One involved a tiny chap called Pacey who stood with his mum watching me paint my Big Board. Pacey was about five, I’d guess. I’d heard his mum saying things like, ‘‘No, you can’t help.’’ Pacey was undeterred and you could tell he was fascinated as the picture took form. So I asked him if he’d like to write his name on it.
Without hesitation, he wrote, very slowly, with a huge felt tip, ‘‘Pacey’’, all wobbly, in the bottom right hand corner. He was delighted and returned several times to make sure I hadn’t covered it up. Later I found, stuffed in my paint bag, a drawing by him, of his mum and a huge cat. All together – ‘‘Aaaah!’’
Later in the day, whilst doing reverse caricaturing – an esoteric activity involving the subject sticking their head through a hole in a big piece of paper and telling the cartoonist how they would like to be portrayed – another short type called Harry, even tinier than Pacey, got a bit tearful when I started to pack up in order to begin another activity. He’d waited with his mum for ages, been pushed in front of by a huge nine-year-old girl and looked very crestfallen. So I hurried things up and got him sorted.

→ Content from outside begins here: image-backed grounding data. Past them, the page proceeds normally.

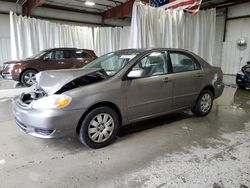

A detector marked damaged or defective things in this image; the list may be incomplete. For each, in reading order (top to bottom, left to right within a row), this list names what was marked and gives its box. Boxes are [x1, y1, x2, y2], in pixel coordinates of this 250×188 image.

crumpled hood [35, 68, 102, 95]
damaged front bumper [12, 97, 87, 138]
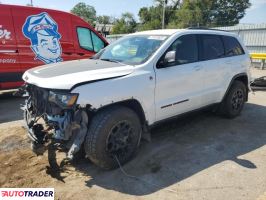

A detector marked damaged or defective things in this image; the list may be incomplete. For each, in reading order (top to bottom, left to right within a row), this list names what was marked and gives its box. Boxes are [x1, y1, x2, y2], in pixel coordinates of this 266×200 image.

crumpled hood [22, 58, 135, 90]
broken headlight assembly [48, 91, 78, 108]
damaged front end [21, 83, 89, 160]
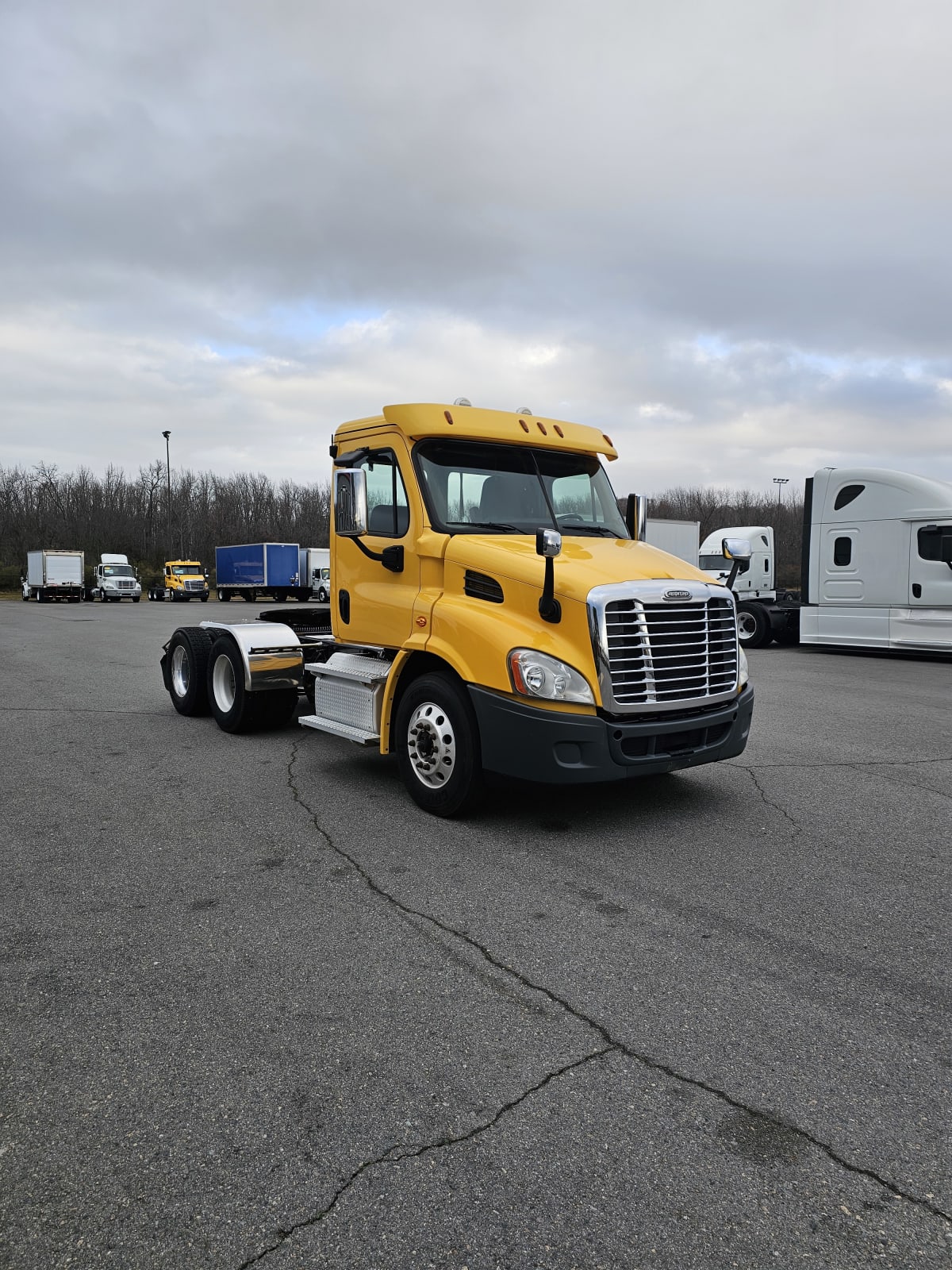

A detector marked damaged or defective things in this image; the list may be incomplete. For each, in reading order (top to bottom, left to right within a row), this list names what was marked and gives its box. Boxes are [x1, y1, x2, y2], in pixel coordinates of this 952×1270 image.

crack in asphalt [736, 762, 807, 833]
crack in asphalt [240, 741, 952, 1264]
crack in asphalt [235, 1041, 614, 1270]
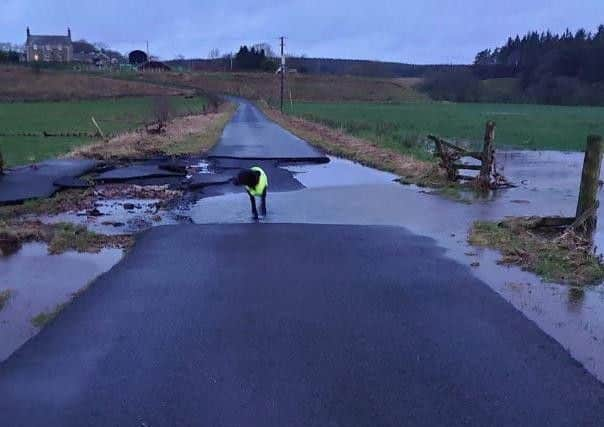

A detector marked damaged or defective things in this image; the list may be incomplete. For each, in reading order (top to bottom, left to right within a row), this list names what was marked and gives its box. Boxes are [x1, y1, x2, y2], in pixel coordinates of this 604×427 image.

Anyway, he was absolutely delighted with his picture (a footballer), which, when rolled up, was taller than him. So, while adult crowd members were being enthusiastic about all the surrounding huge cartoons and brilliant caricatures, and proving what cartoonists know is true – people love cartoons – so do little people. Quite possibly more so. Publishers take note. Real drawing for real people.